WHAT TO PRODUCE.
The lines from the top of the listing through the one containing "CAMISETA - Thinking" are to be retyped exactly, with no other lines.

RAW DATA.
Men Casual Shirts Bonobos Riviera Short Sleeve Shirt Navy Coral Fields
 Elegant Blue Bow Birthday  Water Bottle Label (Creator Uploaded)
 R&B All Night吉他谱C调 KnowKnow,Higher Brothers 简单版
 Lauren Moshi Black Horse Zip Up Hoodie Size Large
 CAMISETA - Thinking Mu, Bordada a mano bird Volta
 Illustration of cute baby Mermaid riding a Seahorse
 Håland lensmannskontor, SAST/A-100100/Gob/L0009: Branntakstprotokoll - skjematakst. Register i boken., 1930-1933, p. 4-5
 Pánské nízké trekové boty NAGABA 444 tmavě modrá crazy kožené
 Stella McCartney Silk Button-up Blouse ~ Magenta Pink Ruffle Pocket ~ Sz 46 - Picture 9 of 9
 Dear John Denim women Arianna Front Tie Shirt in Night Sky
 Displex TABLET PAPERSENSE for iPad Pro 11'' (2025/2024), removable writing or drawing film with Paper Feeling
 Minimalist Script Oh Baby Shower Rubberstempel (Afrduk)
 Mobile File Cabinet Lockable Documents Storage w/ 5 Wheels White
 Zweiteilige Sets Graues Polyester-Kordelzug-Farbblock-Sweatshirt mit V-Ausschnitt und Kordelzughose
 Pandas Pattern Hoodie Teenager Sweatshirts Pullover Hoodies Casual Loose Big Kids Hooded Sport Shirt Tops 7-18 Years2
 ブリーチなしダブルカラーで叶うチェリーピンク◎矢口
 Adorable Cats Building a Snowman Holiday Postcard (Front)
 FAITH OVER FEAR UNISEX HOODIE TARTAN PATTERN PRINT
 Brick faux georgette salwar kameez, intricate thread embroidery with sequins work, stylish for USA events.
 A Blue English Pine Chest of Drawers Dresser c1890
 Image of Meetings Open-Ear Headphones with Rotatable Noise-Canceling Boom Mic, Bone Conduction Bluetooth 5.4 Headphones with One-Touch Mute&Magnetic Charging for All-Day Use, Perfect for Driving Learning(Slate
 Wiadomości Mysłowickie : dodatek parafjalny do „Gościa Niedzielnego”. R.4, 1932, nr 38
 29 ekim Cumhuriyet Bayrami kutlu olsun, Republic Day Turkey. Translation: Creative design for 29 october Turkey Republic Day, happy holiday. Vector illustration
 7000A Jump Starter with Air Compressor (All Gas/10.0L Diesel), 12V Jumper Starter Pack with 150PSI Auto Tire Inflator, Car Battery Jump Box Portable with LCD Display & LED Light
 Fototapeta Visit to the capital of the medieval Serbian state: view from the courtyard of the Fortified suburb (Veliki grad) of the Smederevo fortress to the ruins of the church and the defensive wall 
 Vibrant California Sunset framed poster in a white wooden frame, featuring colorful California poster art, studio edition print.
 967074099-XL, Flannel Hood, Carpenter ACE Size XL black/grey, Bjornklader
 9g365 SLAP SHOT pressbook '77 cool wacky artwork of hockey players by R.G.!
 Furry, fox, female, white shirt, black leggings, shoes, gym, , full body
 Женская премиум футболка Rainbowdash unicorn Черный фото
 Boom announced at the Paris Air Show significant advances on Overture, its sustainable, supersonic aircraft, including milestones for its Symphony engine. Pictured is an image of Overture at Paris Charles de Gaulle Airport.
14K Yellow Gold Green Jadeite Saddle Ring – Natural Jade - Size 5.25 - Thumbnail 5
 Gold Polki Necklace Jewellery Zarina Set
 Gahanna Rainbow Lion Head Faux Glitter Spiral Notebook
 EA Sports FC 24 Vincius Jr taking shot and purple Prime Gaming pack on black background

REPLY.
Men Casual Shirts Bonobos Riviera Short Sleeve Shirt Navy Coral Fields
 Elegant Blue Bow Birthday  Water Bottle Label (Creator Uploaded)
 R&B All Night吉他谱C调 KnowKnow,Higher Brothers 简单版
 Lauren Moshi Black Horse Zip Up Hoodie Size Large
 CAMISETA - Thinking Mu, Bordada a mano bird Volta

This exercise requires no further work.